▶ _EXERCISE AIM_
Beginning at the line with "Research paper thumbnail" in the records below, return each line up to and including the last, exactly as it stands, but not the pictures.

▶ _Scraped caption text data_

__________________________________________________

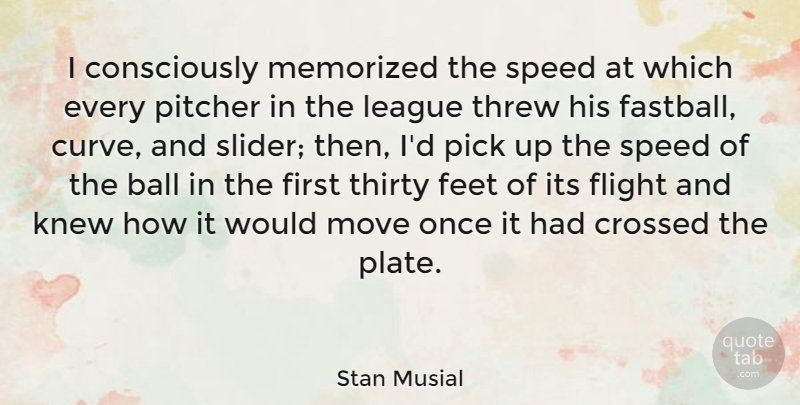 Stan Musial Quote About Moving, Feet, Curves: I Consciously Memorized The Speed...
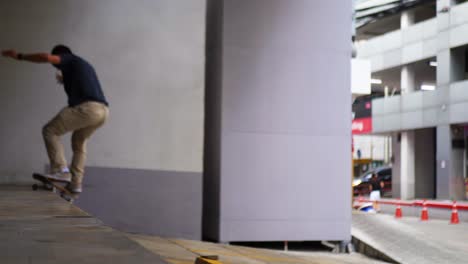 Man-does-a-trick-on-his-skateboard-in-Thailand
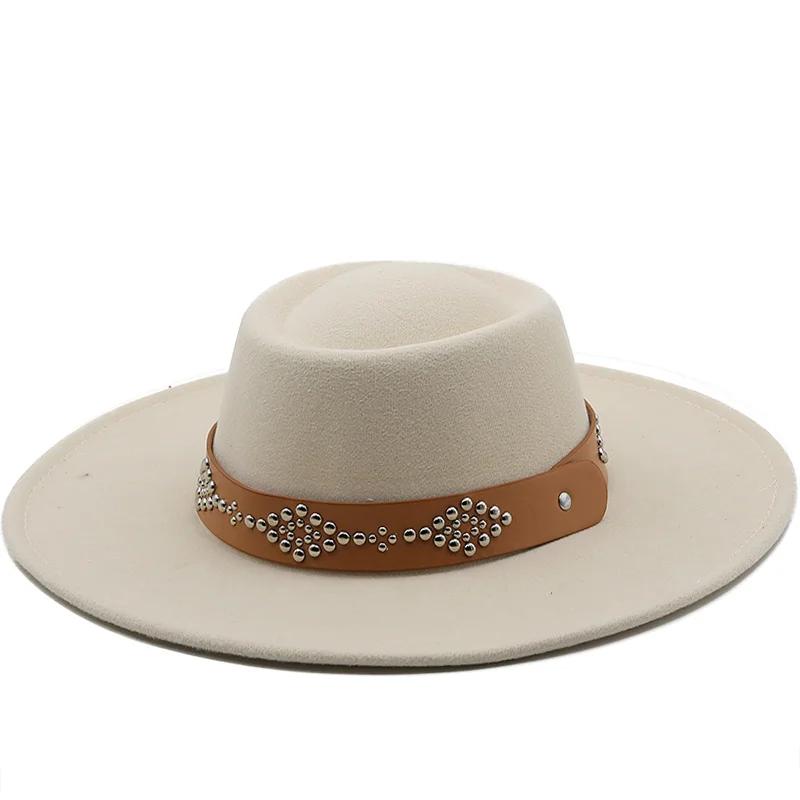 Classic Big Wide Brim 9.5CM Church Derby Flat Top Hat Solid Wool Felt Fedoras Hat Party Gambler Jazz Cap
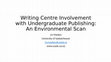 Research paper thumbnail of Writing Centre Involvement with Undergraduate Publishing: An Environmental Scan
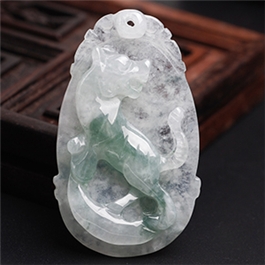 天然翡翠掛件--老坑糯種飄藍花生肖虎D08X-109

__________________________________________________

▶ _ANSWER TO THE PROBLEM_
 Research paper thumbnail of Writing Centre Involvement with Undergraduate Publishing: An Environmental Scan
 天然翡翠掛件--老坑糯種飄藍花生肖虎D08X-109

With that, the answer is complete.